Am I saying sexism isn’t real? Of course not – that would be crazy. What I *am* saying is that the issues women face in technology are the EXACT same ones we face everywhere else. The issue of sexism in tech is a myth. There. I said it. There is nothing about sexism in tech that is different or special as compared to sexism in the rest of our lives as women. Stop worrying about sexism in tech, and start worrying about sexism in GENERAL. Fix that, and we’ll actually be getting somewhere.
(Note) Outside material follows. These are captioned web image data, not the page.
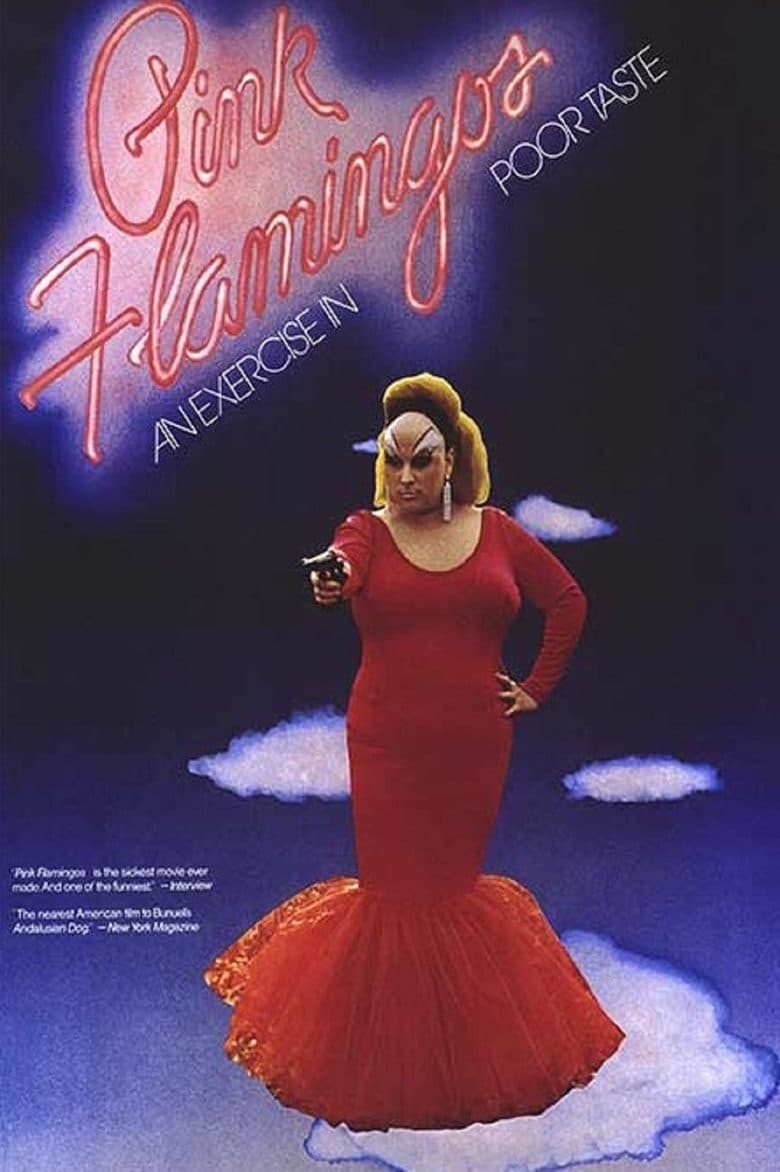 Pink Flamingos (1972) BluRay 480p, 720p & 1080p Full HD Movie Download
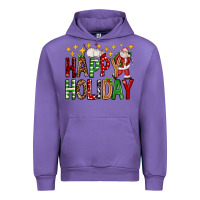 Tulip happy holiday christmas Urban Hoodie - FaDigitalArtStudio
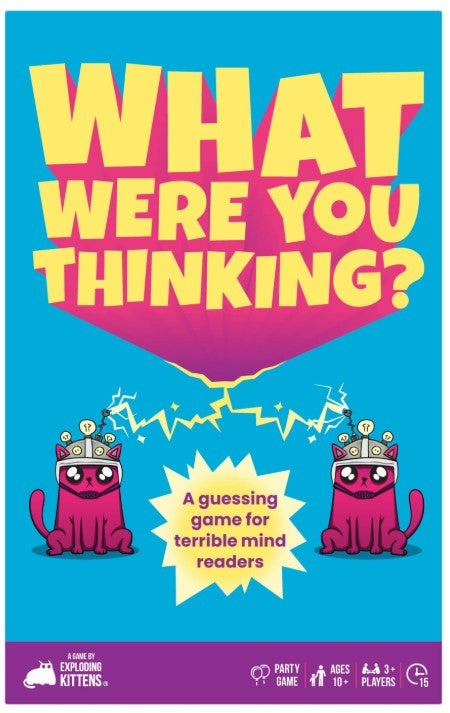 What Were You Thinking? (By Exploding Kittens)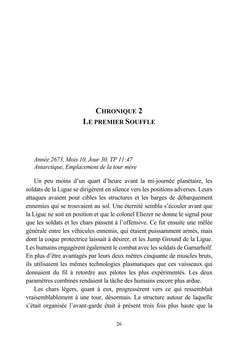 Les chroniques de la Trinité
“You got your tech in my sexism!”
“No, you got your sexism in my tech!”

The notion of sexism in tech trivializes the very real sexism that is pervasive in daily life. Sexism in tech is a symptom, not the sickness. In attempting to treat this symptom, we’ve alienated ourselves so much that men in tech don’t know what to do with us anymore. They’re afraid to talk to us, and thanks to Donglegate, they’re afraid to talk *around* us. Because of the Women in Tech “movement”, I’ve never had a harder time talking to men in tech groups. So, yeah, thanks for that.

And going back to the free private repos and the shy, low-self-esteemy boys who are as afraid to open themselves to ridicule as the woman who is learning to code – we have to ask ourselves what we’re trying to accomplish through things like this.

Are we really trying to make tech more approachable for all who would find it intimidating, or just for the chicks? If it’s just for the chicks, then that sucks and it’s not fair.

It feels to me like all of the things we try to do to “fix” sexism in technology are actually meant to treat the results of specific personality traits, NOT gender. Yes, statistically, one might argue that these personality traits occur more frequently in women than men, but they are reducing me (and you) down to what society accepts a woman to be. How is that not sexist itself?

TLDR; sometimes people are jerks, and sometimes you have to deal with it, male or female.

Final note: This is how I feel. It’s how I’ve felt for a long time, and just haven’t had the energy to write up a big to-do about it. My day job as VP of Technology keeps me pretty busy. That said, it is only how *I* feel. I am not speaking for any women, in tech or otherwise, other than myself. Some may agree, lots will disagree, both are acceptable. I find it absurd that I have to specifically state that, but evidently I do.

Mark W. Schumann in the comments asked me what I thought GitHub should have done (prior to the clarification from GitHub posted above).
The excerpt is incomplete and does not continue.